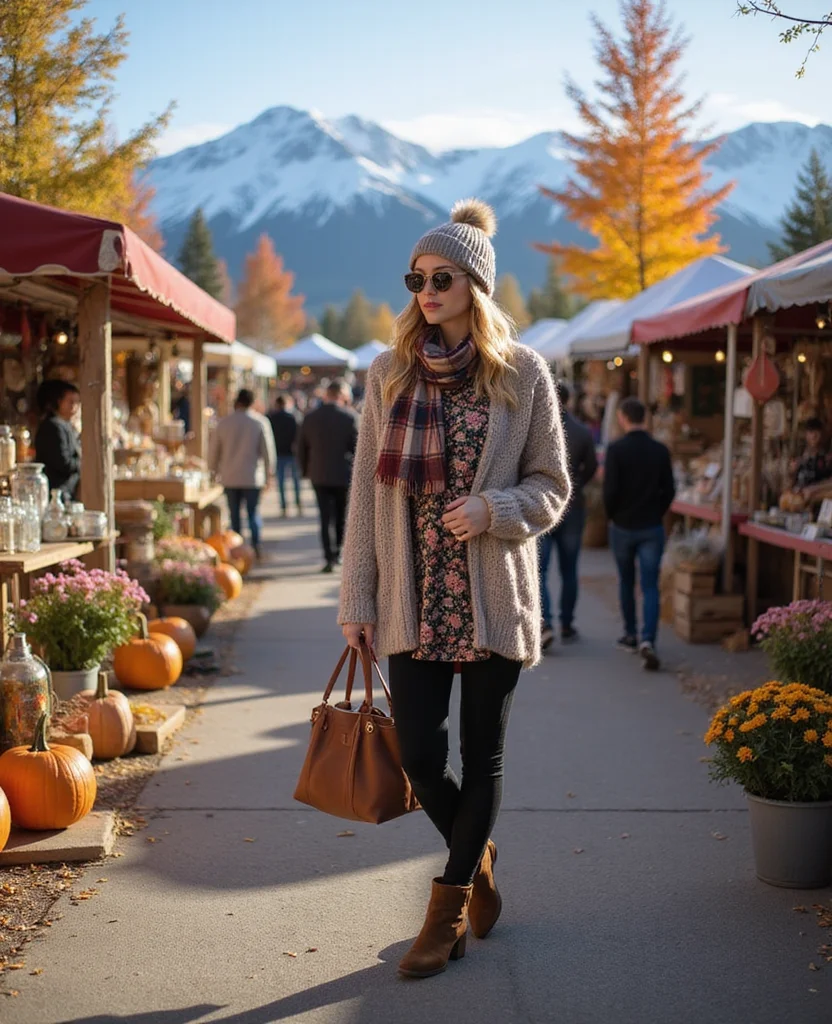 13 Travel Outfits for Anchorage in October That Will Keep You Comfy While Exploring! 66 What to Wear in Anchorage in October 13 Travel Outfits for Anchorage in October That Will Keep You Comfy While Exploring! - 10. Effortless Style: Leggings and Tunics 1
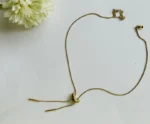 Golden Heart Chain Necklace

++++++++

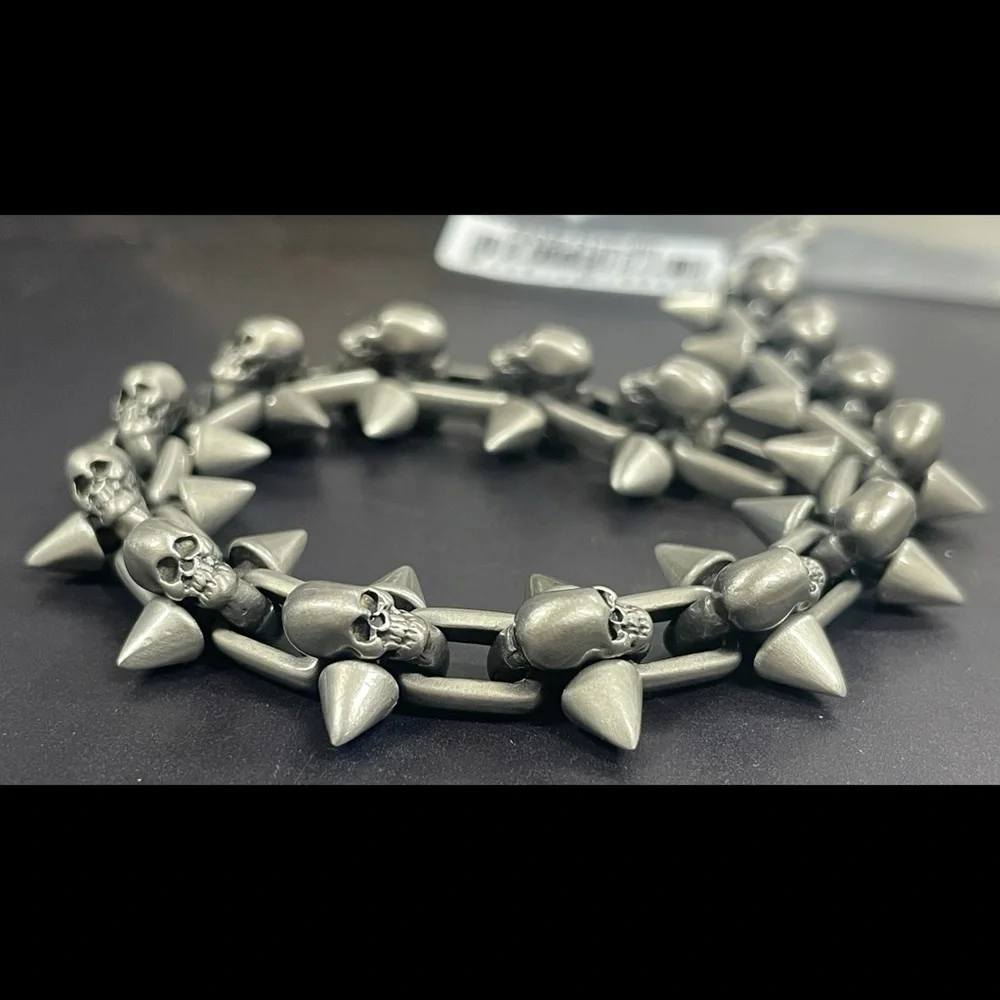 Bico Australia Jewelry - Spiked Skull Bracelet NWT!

++++++++

[DESCRIPTION OF THE TASK] Produce an exact reproduction of the listing above, limited to the lines starting at the line with "and Tunics 1" and ending at the line with "Golden Heart Chain Necklace", both kept, with every picture left out.

[OUTPUT]
 13 Travel Outfits for Anchorage in October That Will Keep You Comfy While Exploring! 66 What to Wear in Anchorage in October 13 Travel Outfits for Anchorage in October That Will Keep You Comfy While Exploring! - 10. Effortless Style: Leggings and Tunics 1
 Golden Heart Chain Necklace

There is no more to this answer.